Your presence here today is a show a commitment, the first and main goal, even if the scope is modest and small. Success will not come all at once; it will be measured incrementally. Not all questions can be answered and problems solved before embarking on an institutional repository. Trust and optimism that problems will be resolved and solutions will be found are among the reasons we gather for conferences. No one is alone and our work is interdependent. Let us all pledge to provide communal help and support until world-wide utility is achieved.

Chinese saying: “Be not afraid of growing slowly, be only afraid of standing still.”

[1] Geoff Watts, Crusaders for a truly free flow of ideas, Times Higher Education Supplement, January 5, 2004. Excerpted by Peter Suber Jan. 10, 2004 in the Newsletter for Open Access. http://www.earlham.edu/~peters/fos/2004_01_04_fosblogarchive.html

[2] Stevan Harnad, Scholarly Journals at the Crossroads:
A Subversive Proposal for Electronic Publishing.
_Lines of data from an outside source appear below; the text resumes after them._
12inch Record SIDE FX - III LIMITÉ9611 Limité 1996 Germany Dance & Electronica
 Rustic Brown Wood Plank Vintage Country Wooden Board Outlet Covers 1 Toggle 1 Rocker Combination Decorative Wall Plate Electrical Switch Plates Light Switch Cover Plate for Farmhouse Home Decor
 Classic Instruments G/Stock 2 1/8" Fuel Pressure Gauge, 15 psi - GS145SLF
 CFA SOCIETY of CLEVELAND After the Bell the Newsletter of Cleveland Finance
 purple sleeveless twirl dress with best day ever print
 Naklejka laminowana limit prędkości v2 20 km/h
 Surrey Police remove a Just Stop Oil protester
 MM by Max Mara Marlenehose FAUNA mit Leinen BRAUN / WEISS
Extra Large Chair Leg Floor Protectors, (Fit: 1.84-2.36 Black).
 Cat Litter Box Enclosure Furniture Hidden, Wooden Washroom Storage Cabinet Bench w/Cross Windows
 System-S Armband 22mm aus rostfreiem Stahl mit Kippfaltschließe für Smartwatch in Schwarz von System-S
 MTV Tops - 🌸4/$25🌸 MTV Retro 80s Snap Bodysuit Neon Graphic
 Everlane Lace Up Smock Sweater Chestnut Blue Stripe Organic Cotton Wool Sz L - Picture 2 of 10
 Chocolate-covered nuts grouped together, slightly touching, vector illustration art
June 27, 1994,

[3] This phrase was formally and deliberately applied in the 1997 conference of that name at Caltech.

[4] Lynch, Clifford.”Institutional Repositories: Essential Infrastructure for Scholarship in the Digital Age.” ARL Bimonthly Report 226. February 2003.

[5] Northeastern Univ. is investigating the development of an IR within their Integrated Library System. Also Proquest has launched a new service, Digital Commons.

[6] Winkler, Peter. “Convergence: Past, Present, Future.” Price Waterhouse Coopers Global. Executive Perspectives. July 2002.

[7] Greenspan, Robyn. “No threat to newspapers.” ClickZ Network. January 16, 2004.